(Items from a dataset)
_ _ _ _ _ _ _
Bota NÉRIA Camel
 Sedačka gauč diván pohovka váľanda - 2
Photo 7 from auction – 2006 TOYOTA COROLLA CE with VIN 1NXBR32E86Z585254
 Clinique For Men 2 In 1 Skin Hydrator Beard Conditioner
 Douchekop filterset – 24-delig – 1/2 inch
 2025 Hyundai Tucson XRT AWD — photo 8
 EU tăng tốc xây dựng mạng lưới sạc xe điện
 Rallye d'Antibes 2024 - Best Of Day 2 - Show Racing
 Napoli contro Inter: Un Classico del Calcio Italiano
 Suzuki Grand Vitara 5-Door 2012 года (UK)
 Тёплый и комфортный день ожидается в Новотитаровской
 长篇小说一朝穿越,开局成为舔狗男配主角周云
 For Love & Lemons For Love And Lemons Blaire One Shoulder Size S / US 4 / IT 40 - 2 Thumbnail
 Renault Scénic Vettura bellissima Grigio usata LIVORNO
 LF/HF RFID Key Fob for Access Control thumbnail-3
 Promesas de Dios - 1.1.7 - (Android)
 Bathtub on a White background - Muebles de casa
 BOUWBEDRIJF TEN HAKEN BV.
_ _ _ _ _ _ _
EXERCISE
When you reply, retype each line exactly as it appears above.

EXPECTED OUTPUT
Bota NÉRIA Camel
 Sedačka gauč diván pohovka váľanda - 2
Photo 7 from auction – 2006 TOYOTA COROLLA CE with VIN 1NXBR32E86Z585254
 Clinique For Men 2 In 1 Skin Hydrator Beard Conditioner
 Douchekop filterset – 24-delig – 1/2 inch
 2025 Hyundai Tucson XRT AWD — photo 8
 EU tăng tốc xây dựng mạng lưới sạc xe điện
 Rallye d'Antibes 2024 - Best Of Day 2 - Show Racing
 Napoli contro Inter: Un Classico del Calcio Italiano
 Suzuki Grand Vitara 5-Door 2012 года (UK)
 Тёплый и комфортный день ожидается в Новотитаровской
 长篇小说一朝穿越,开局成为舔狗男配主角周云
 For Love & Lemons For Love And Lemons Blaire One Shoulder Size S / US 4 / IT 40 - 2 Thumbnail
 Renault Scénic Vettura bellissima Grigio usata LIVORNO
 LF/HF RFID Key Fob for Access Control thumbnail-3
 Promesas de Dios - 1.1.7 - (Android)
 Bathtub on a White background - Muebles de casa
 BOUWBEDRIJF TEN HAKEN BV.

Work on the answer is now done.